▸ **Work item**
Each line starting at the one that contains "PREMIUM TELEKUNG FATEEMA (Pure Black)" and ending at the one that contains "Descubre cómo los" must be returned exactly, and the rest of the listing is left out.

── Supplied data

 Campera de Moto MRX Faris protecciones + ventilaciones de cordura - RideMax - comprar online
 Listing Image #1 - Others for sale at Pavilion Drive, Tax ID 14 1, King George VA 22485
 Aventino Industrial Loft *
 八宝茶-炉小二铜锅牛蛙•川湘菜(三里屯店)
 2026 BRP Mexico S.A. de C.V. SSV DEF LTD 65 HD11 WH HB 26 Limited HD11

────
── Supplied data

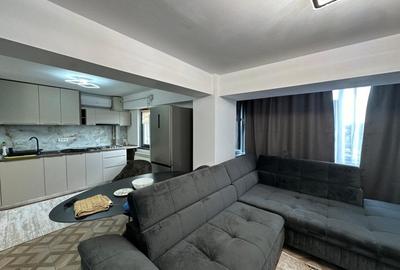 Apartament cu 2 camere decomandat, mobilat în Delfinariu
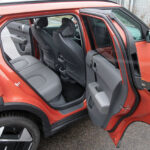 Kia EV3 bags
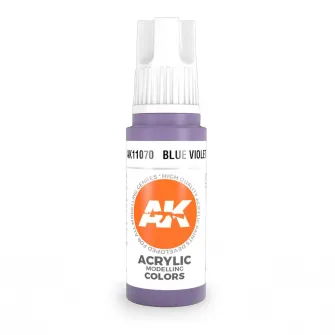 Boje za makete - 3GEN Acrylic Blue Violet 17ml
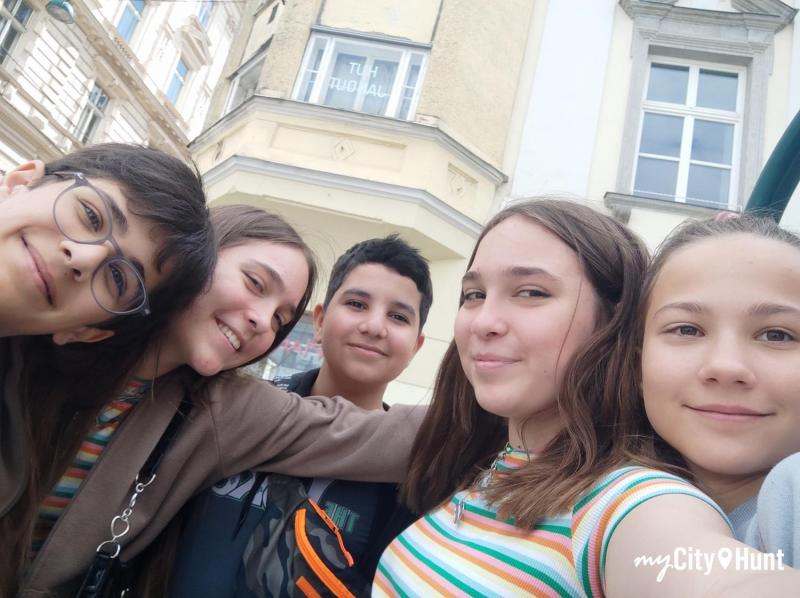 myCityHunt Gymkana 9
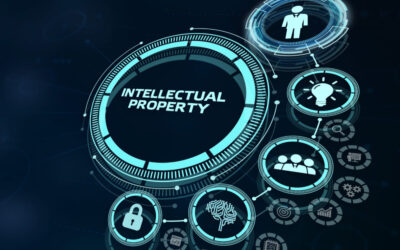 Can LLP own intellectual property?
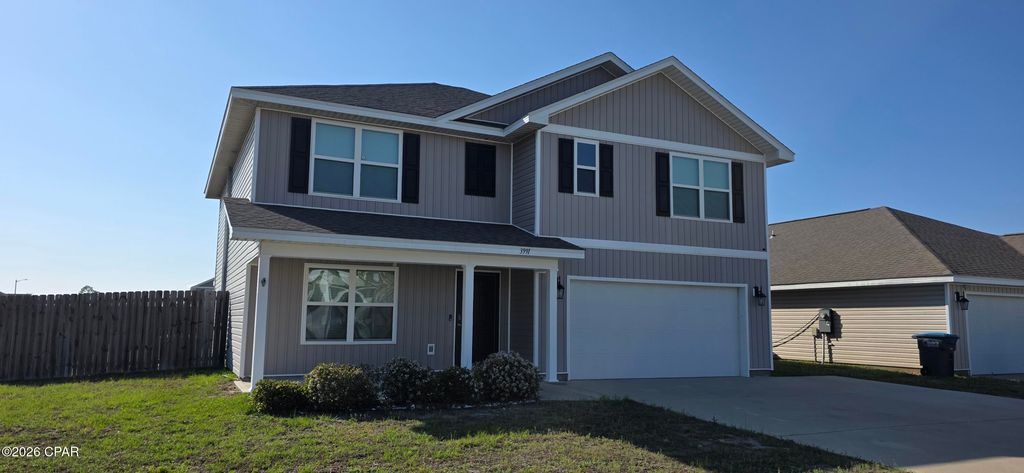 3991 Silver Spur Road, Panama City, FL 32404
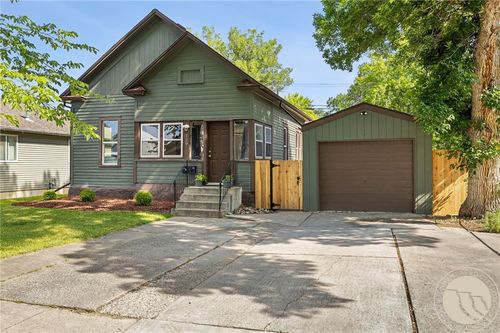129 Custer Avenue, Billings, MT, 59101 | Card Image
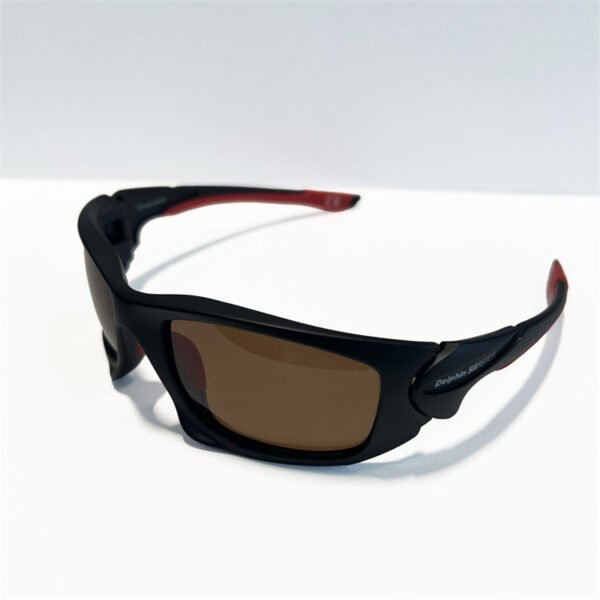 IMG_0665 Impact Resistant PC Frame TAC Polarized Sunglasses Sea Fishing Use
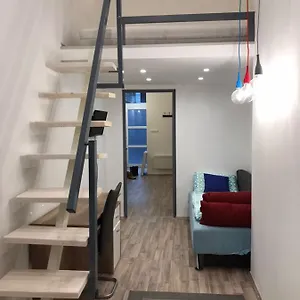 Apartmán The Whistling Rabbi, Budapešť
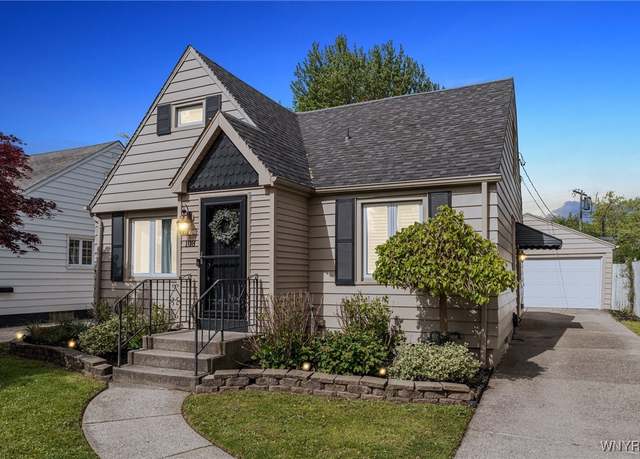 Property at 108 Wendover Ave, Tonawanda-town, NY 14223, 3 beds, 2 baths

────
── Supplied data

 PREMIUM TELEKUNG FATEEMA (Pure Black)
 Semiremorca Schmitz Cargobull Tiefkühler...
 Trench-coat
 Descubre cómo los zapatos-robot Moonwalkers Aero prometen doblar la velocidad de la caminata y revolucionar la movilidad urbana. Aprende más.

────

▸ **Your solution**
 PREMIUM TELEKUNG FATEEMA (Pure Black)
 Semiremorca Schmitz Cargobull Tiefkühler...
 Trench-coat
 Descubre cómo los zapatos-robot Moonwalkers Aero prometen doblar la velocidad de la caminata y revolucionar la movilidad urbana. Aprende más.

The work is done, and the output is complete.